Initial reports said at least 24 people had been shot dead, most of them in the opposition stronghold of Deraa, where villagers tried to break through the security cordon to relieve its besieged population.
Further deaths were reported in Latakia and Homs after the security forces opened fire on demonstrators. There was news of protests in 50 towns and villages including Hama, Aleppo, the coastal cities of Latakia and Banias, Deir Ezzor in the east, and Qamishli in the north-east. Unrest was also reported from the Syria-Jordan border, which is straddled by the Haurani tribes.
Despite the government crackdown, the demonstrations – many starting as Friday worshippers left mosques – appeared to be at least as big as last week. Even more significantly, activists said, the protests spread closer into the centre of Damascus.

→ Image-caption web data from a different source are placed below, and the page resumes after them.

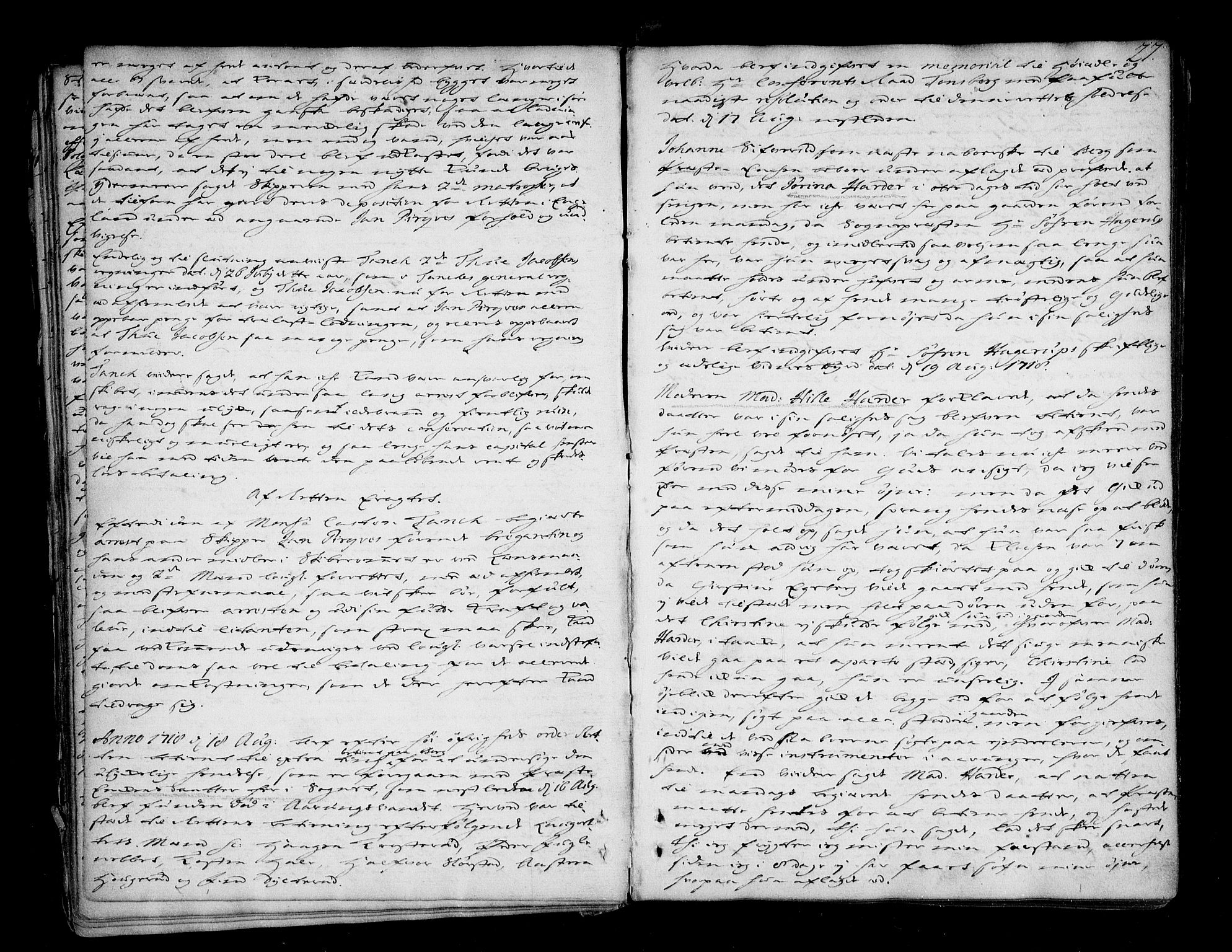 Follo sorenskriveri, AV/SAO-A-10274/F/Fb/Fba/L0032: Tingbok, 1718-1721, p. 26b-27a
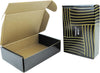 "Space-Saving Postal Boxes for Small Business: 10Pcs Black Gift Packaging Boxes with Lid - Perfect for Posting, Mailing, and Shipping!"
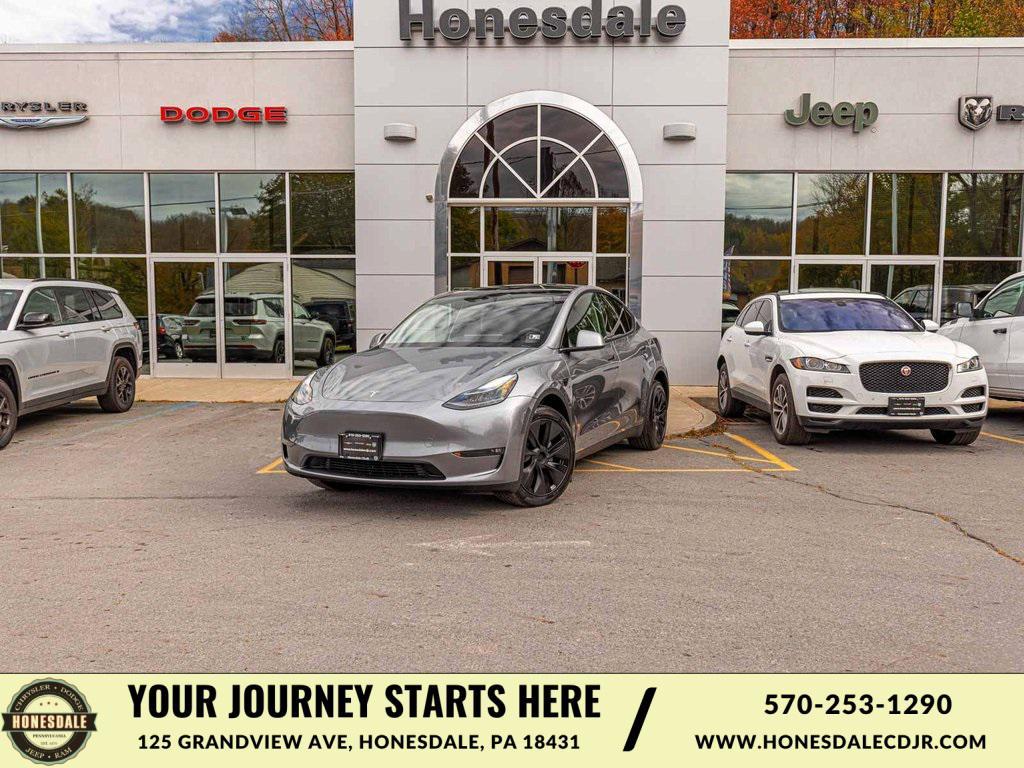 used 2025 Tesla Model Y car, priced at $39,990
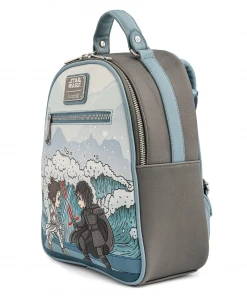 Modern Pinup Bags Loungefly Star Wars Rey And Kylo Mixed Emotions Mini Backpack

Demonstrators in the neighbourhoods of Barzeh, Midan, Bab Srejeh and Hajr al-Aswad faced security forces backed up by soldiers for the first time. Two witnesses in Midan told the Guardian that a crowd of 4,000 protesters who came out of Zain al-Abideen and Hassan mosques were dispersed by tear gas and security forces with batons. "I counted 17 buses of security," said one who asked not to be named.
Another said tear gas and sound bombs were used and the street to the main hospital was closed. He said shabiha [gangs connected to the ruling family] were terrorising the neighbourhood well after the demonstration was dispersed.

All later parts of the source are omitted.